= Andrianafidisoa =

Malagasy military officer (died 2021)

Andrianafidisoa, popularly known as Fidy (died 6 October 2021), was a military general of the Army of Madagascar and a Director of the National Mines and Strategic Industries Office (OMNIS). He allegedly attempted a coup d'état against Malagasy President Marc Ravalomanana on 18 November 2006.

== Coup attempt ==
Prior to his alleged coup attempt, in October 2006 General Andrianafidisoa had been barred from running for president in the election scheduled for 3 December 2006, for not paying the required deposit of 25,000,000 ariary. Andrianafidisoa had earlier supported Ravalomanana in his struggle against Didier Ratsiraka over election results in 2002, and led an attack by pro-Ravalomanana forces on Fianarantsoa at that time.

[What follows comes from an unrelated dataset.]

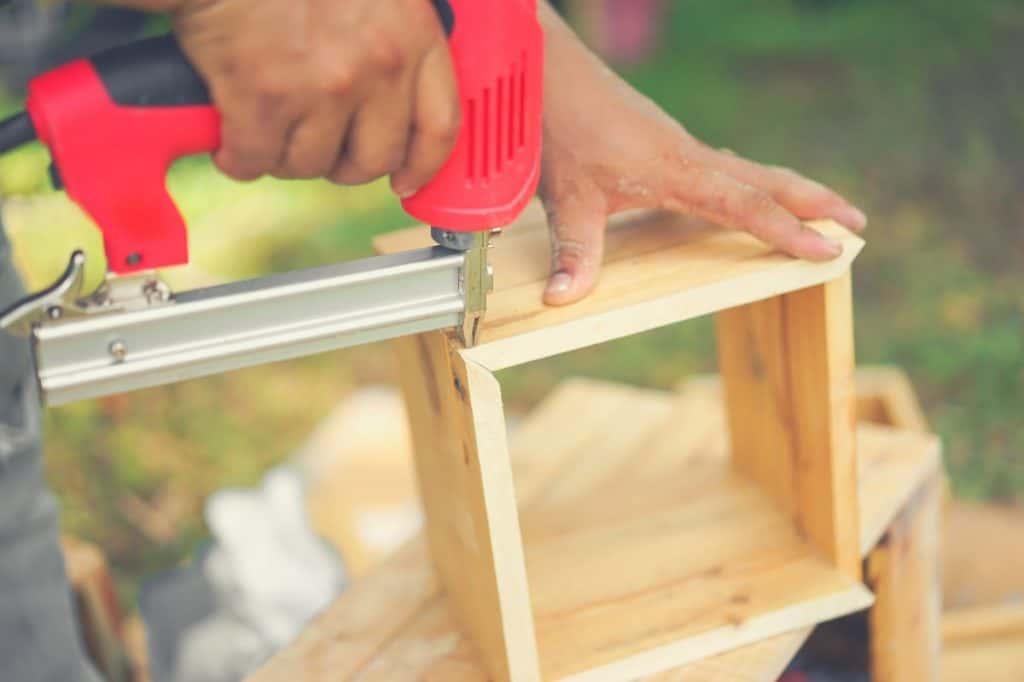 7. DIY Projects Using Colored Nails for Nail Guns - wide 7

While Ravalomanana was out of the country, Andrianafidisoa had leaflets distributed declaring military rule; he called Ravalomanana's government unconstitutional and went to a base at Ivato Airport, seeking support from soldiers. One soldier was reported killed in a clash there, and Ravalomanana's flight, returning from Europe, was diverted to Mahajanga. Andrianafidisoa's takeover attempt failed, and he went into hiding or on the run; the government ordered his arrest and began searching for him. However, the general stated that "I am alive and I am not in hiding," on a telephone call to news organization Reuters. According to him, "Soldiers and politicians have got the message."

Subsequently, Andrianafidisoa denied that the events had been a coup attempt, describing this as a misinterpretation. He did, however, acknowledge that he had called Ravalomanana's government unconstitutional and that he called for him to resign. On 22 November, Andrianafidisoa received the backing of eight of the 14 presidential candidates, who said he was defending the constitution and the interests of the nation.

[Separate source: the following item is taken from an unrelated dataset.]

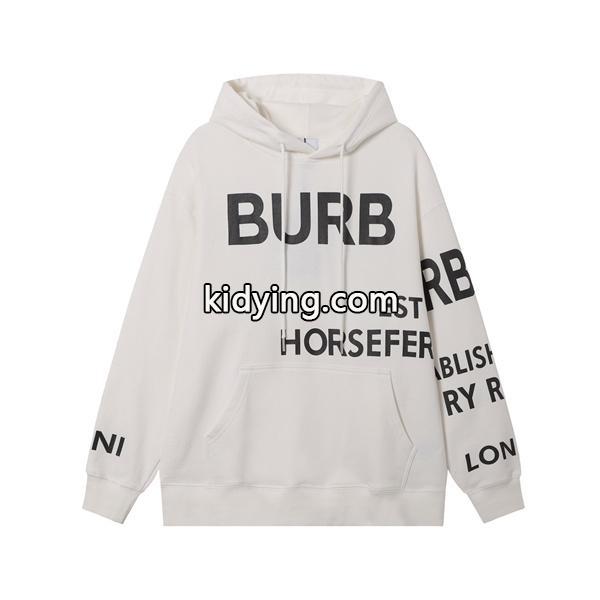パーカー おしゃれなファッションコーデ バーバリートレンド秋冬おすすめ安い BURBERRY 秋冬にお世話になる定番_メンズファッション_スーパーコピーブランド激安通販 専門店-0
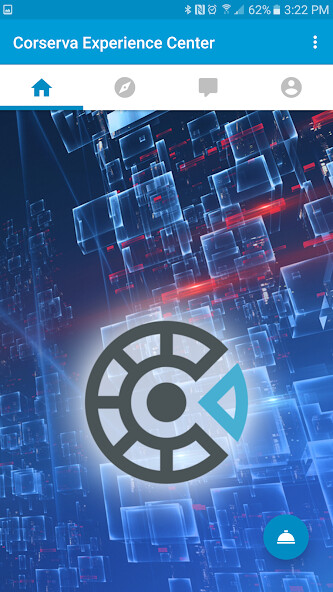 Run android online APK Corserva from MyAndroid or emulate Corserva using MyAndroid Run android online APK Corserva from MyAndroid or emulate Corserva using MyAndroid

A $50,000 reward was offered for Andrianafidisoa's arrest. The secretary of state for public security said that Andrianafidisoa was taken by surprise and captured on 12 December at a hotel, and that he did not resist. Several guns, along with ammunition, were found with him. Police began interrogating Andrianafidisoa on 14 December. Andrianafidisoa pleaded not guilty during his trial, and he and his lawyers argued that he had not attempted a coup, but had instead acted as a "lone soldier" attempting to alert the president to the situation of the armed forces. He was sentenced to four years in prison on 2 February 2007, and stated his intention to appeal the verdict. On 20 February, he received an additional three-year prison sentence.

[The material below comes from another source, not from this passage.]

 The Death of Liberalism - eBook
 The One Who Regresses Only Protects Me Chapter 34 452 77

Ravalomanana was forced out of office by a combination of popular protests and military intervention in March 2009. Opposition leader Andry Rajoelina then took over as President of the High Authority of the Transition and promptly pardoned Andrianafidisoa, along with many other political prisoners, on 26 March 2009.

==Death==
Andrianafidisoa died on 6 October 2021 at the age of 57.